[mpich-discuss] MPICH2-1.0.8 performance issues on Opteron Cluster

Mon Jan 5 11:15:55 CST 2009

James, Dmitry,

Would you be able to try the latest alpha version of 1.1?

http://www.mcs.anl.gov/research/projects/mpich2/downloads/tarballs/1.1a2/src/mpich2-1.1a2.tar.gz

Nemesis is the default channel in 1.1, so you don't have to specify
--with-device= when configuring.

Note that if you have more than one process and/or thread per core,
nemesis won't perform well.  This is because nemesis does active polling
(but we expect to have a non-polling option for the final release).  Do
you know if this is the case with your apps?

Thanks,
-d

On 01/05/2009 09:15 AM, Dmitry V Golovashkin wrote:
> We have similar experiences with nemesis in a prior mpich2 release.
> (scalapack-ish applications on multicore linux cluster).
> The resultant times were remarkably slower.
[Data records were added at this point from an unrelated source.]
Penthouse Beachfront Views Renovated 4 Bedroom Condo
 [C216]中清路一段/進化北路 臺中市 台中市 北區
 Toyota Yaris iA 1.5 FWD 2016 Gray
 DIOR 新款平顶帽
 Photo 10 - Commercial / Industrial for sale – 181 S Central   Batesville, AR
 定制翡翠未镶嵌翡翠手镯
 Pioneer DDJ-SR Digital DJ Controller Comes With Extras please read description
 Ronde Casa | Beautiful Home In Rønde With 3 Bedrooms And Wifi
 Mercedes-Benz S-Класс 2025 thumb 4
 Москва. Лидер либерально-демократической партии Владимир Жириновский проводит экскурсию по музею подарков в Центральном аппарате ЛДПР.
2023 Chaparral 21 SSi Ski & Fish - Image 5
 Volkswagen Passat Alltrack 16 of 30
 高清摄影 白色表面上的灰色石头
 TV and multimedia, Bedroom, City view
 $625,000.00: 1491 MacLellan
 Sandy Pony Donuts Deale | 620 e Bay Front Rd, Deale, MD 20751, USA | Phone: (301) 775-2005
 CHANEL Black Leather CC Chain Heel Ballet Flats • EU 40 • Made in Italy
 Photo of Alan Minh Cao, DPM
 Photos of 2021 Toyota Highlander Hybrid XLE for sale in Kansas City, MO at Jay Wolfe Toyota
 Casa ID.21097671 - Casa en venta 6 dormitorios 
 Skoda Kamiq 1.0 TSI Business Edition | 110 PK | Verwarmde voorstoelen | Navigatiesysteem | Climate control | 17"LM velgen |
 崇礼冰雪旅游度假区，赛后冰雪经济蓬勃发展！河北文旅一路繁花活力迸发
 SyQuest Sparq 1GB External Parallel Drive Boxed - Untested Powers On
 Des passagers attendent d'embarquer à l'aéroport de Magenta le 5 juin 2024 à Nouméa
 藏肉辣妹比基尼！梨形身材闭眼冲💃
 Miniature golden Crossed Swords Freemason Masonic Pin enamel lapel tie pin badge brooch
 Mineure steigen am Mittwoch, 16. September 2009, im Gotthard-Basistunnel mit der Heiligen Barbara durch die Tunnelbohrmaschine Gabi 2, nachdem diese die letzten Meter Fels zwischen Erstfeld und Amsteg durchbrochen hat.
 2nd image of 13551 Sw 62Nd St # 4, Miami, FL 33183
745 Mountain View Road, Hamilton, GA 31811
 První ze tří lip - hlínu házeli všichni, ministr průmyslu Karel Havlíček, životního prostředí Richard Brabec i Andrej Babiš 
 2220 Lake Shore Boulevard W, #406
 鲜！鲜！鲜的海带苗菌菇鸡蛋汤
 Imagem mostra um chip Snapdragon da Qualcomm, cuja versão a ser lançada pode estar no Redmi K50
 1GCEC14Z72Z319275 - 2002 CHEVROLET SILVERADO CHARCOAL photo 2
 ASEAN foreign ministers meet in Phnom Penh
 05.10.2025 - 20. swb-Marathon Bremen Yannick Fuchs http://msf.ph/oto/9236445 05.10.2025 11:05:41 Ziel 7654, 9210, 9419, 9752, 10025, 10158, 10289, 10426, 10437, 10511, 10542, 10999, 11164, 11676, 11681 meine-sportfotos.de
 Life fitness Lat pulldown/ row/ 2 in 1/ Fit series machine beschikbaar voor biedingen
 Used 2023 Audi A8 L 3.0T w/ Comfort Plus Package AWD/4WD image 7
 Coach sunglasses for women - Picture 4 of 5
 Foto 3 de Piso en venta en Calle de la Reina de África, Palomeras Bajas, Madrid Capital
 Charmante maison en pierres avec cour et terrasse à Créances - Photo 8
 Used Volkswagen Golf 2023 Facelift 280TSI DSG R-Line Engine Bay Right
The nemesis channel was an
> experimental feature back then, I attributed slower performance to a
> possible misconfiguration.
> Is it possible to submit a new ticket (for non-ANL folks)?
> 
> 
> 
> On Mon, 2009-01-05 at 09:00 -0500, James S Perrin wrote:
>> Hi,
>> 	I thought I'd just mention that I too have found that our software 
>> performs poorly with nemesis compared to ssm on our multi-core machines. 
>> I've tried it on both a 2xDual core AMD x64 and 2xQuad core Xeon x64 
>> machines. It's roughly 30% slower. I've not been able to do any analysis 
>> as yet as to where the nemesis version is loosing out?
>>
>> 	The software performs mainly point-to-point communication in a master 
>> and slaves model. As the software is interactive the slaves call 
>> MPI_Iprobe while waiting for commands. Having compiled against the ssm 
>> version would have no effect, would it?
>>
>> Regards
>> James
>>
>> Sarat Sreepathi wrote:
>>> Hello,
>>>
>>> We got a new 10-node Opteron cluster in our research group. Each node 
>>> has two quad core Opterons. I installed MPICH2-1.0.8 with Pathscale(3.2) 
>>> compilers and three device configurations (nemesis,ssm,sock). I built 
>>> and tested using the Linpack(HPL) benchmark with ACML 4.2 BLAS library 
>>> for the three different device configurations.
>>>
>>> I observed some unexpected results as the 'nemesis' configuration gave 
>>> the worst performance. For the same problem parameters, the 'sock' 
>>> version was faster and the 'ssm' version hangs. For further analysis, I 
>>> obtained screenshots from the Ganglia monitoring tool for the three 
>>> different runs. As you can see from the attached screenshots, the 
>>> 'nemesis' version is consuming more 'system cpu' according to Ganglia. 
>>> The 'ssm' version fares slightly better but it hangs towards the end.
>>>
>>> I may be missing something trivial here but can anyone account for this 
>>> discrepancy? Isn't 'nemesis' device or 'ssm' device recommended for this 
>>> cluster configuration? Your help is greatly appreciated.
>